(Task brief):
Output must consist only of the lines of the material below from the one with "Custom Travel Watch" through the one with "Illustration of person", each reproduced exactly; no pictures belong in it.

(Provided entries):

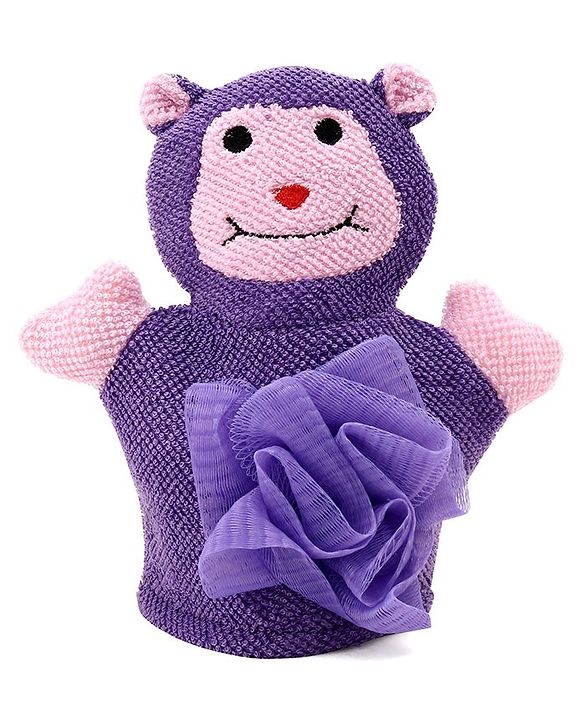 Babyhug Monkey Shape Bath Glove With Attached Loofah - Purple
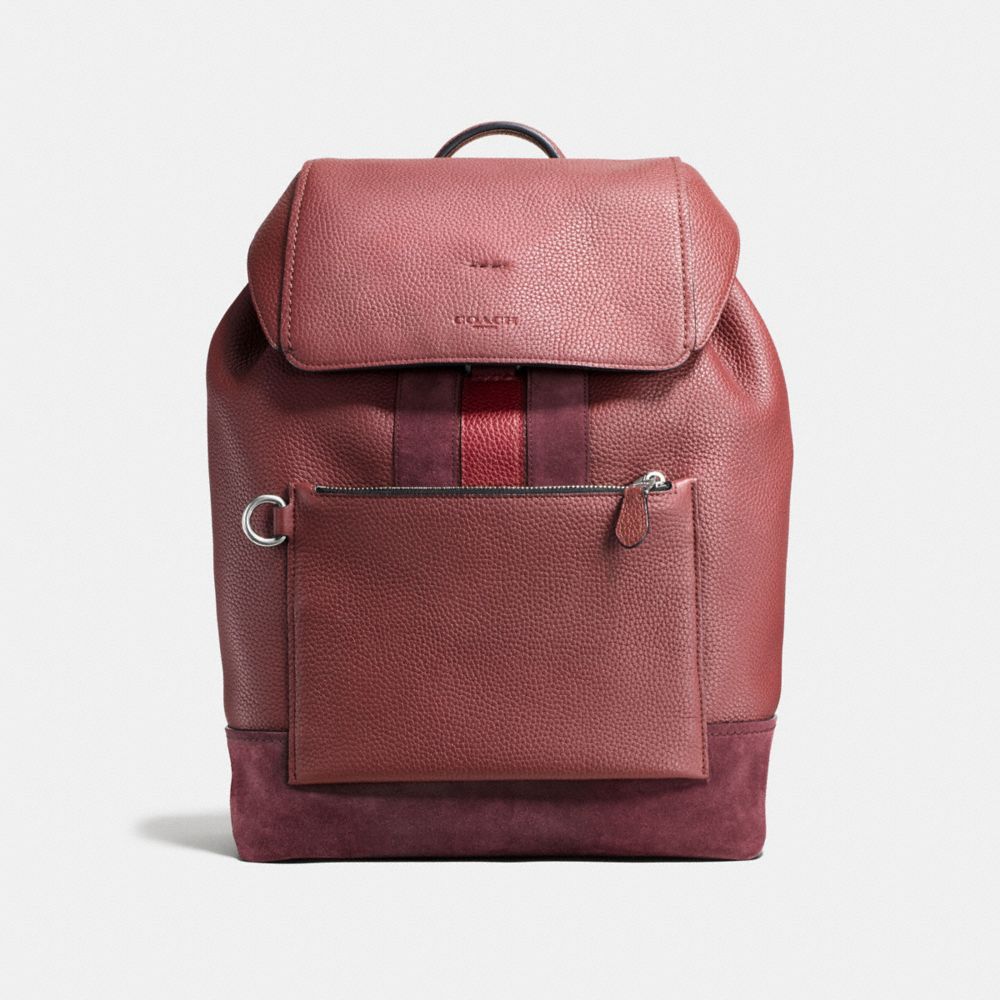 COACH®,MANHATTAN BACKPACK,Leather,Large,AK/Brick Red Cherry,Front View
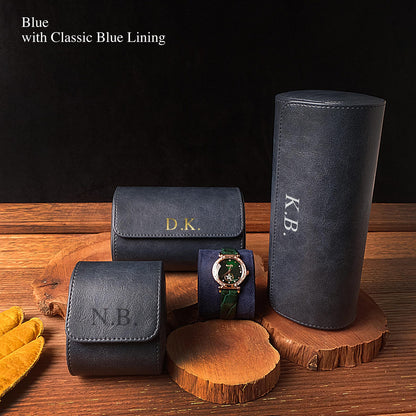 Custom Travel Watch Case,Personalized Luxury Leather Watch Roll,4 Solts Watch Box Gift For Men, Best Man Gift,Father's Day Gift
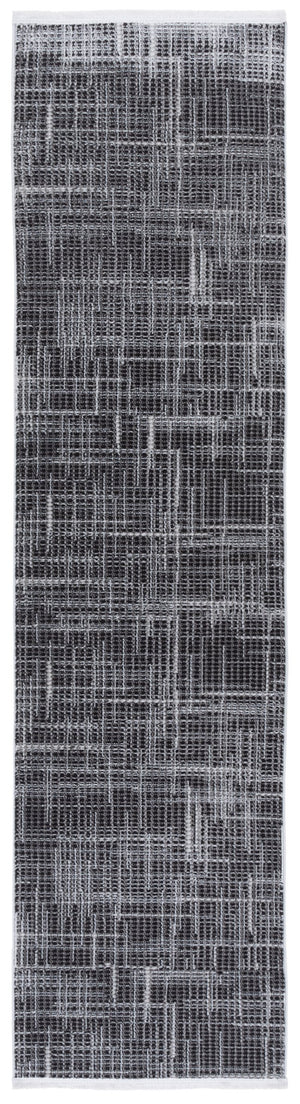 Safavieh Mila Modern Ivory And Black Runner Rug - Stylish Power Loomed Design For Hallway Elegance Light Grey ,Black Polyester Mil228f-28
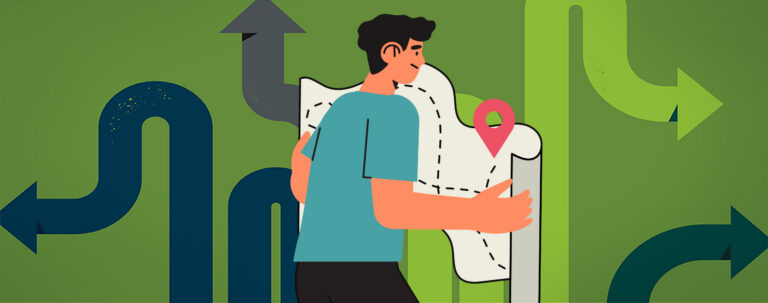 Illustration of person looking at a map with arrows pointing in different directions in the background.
...
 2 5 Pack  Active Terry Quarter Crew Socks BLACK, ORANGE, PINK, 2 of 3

(Task result):
 Custom Travel Watch Case,Personalized Luxury Leather Watch Roll,4 Solts Watch Box Gift For Men, Best Man Gift,Father's Day Gift
 Safavieh Mila Modern Ivory And Black Runner Rug - Stylish Power Loomed Design For Hallway Elegance Light Grey ,Black Polyester Mil228f-28
 Illustration of person looking at a map with arrows pointing in different directions in the background.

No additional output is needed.